═══ RECORDS TO PROCESS
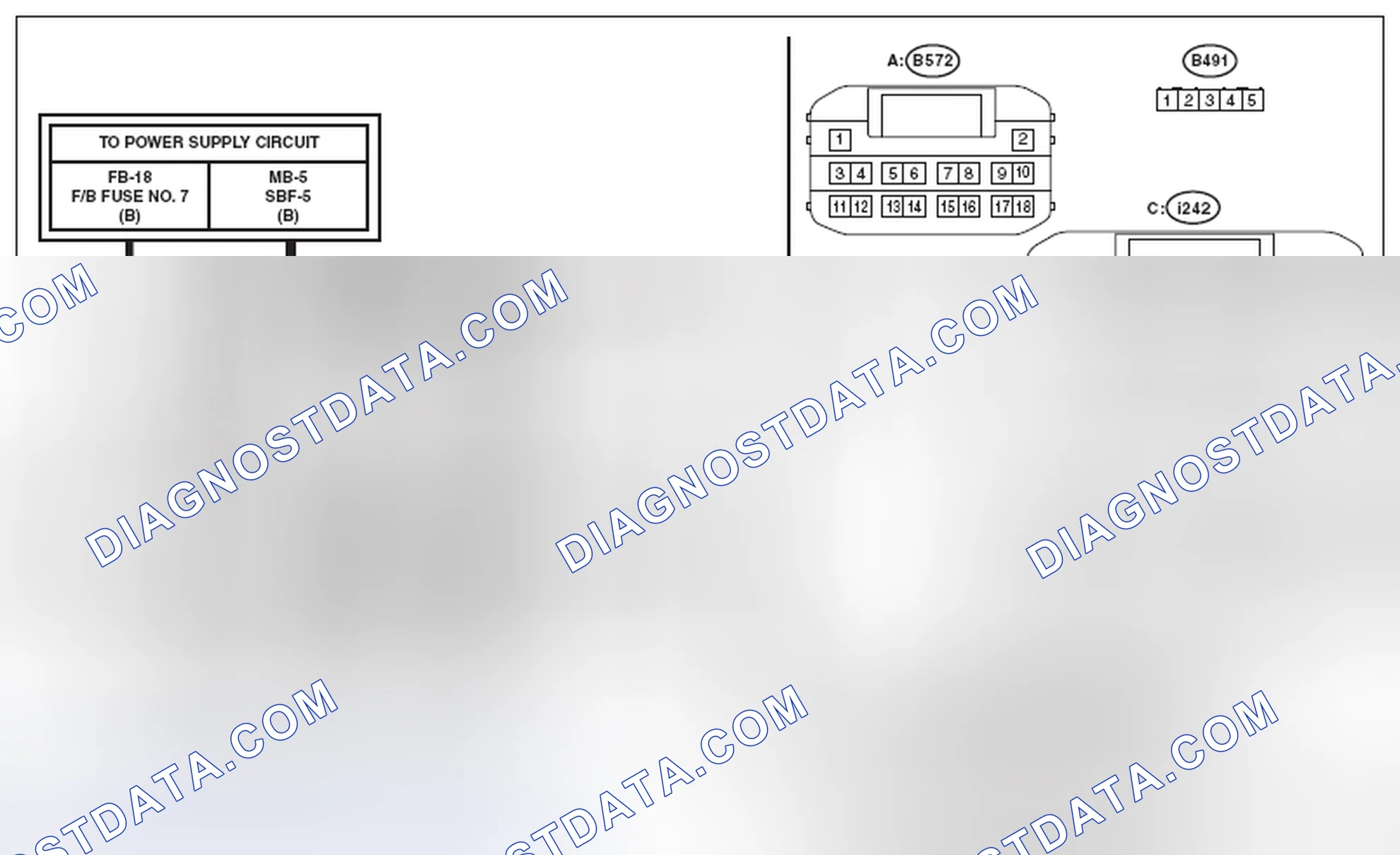 Scheme 10: WIRING DIAGRAM
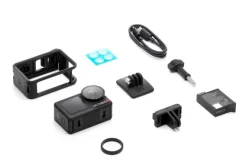 DJI Osmo Action. 20 � ����� ��, � ���������� ����
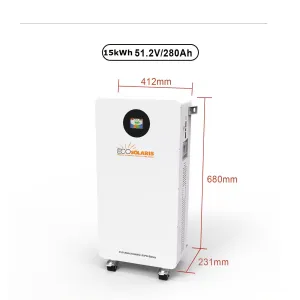 Pachet Acumulatori Ecosolaris fotovoltaice 150kWh Low Voltage LifePo4 - Panouri Fotovoltaice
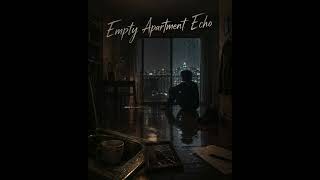 Empty Apartment Echo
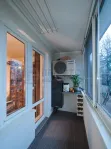 3-комнатная квартира, 64.4 м² - фото 62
══════
**WORK REQUIRED:**
All lines from the one that contains "Empty Apartment Echo" through the last line of the data should be retyped exactly, with the pictures left out.

**TASK RESULT:**
 Empty Apartment Echo
 3-комнатная квартира, 64.4 м² - фото 62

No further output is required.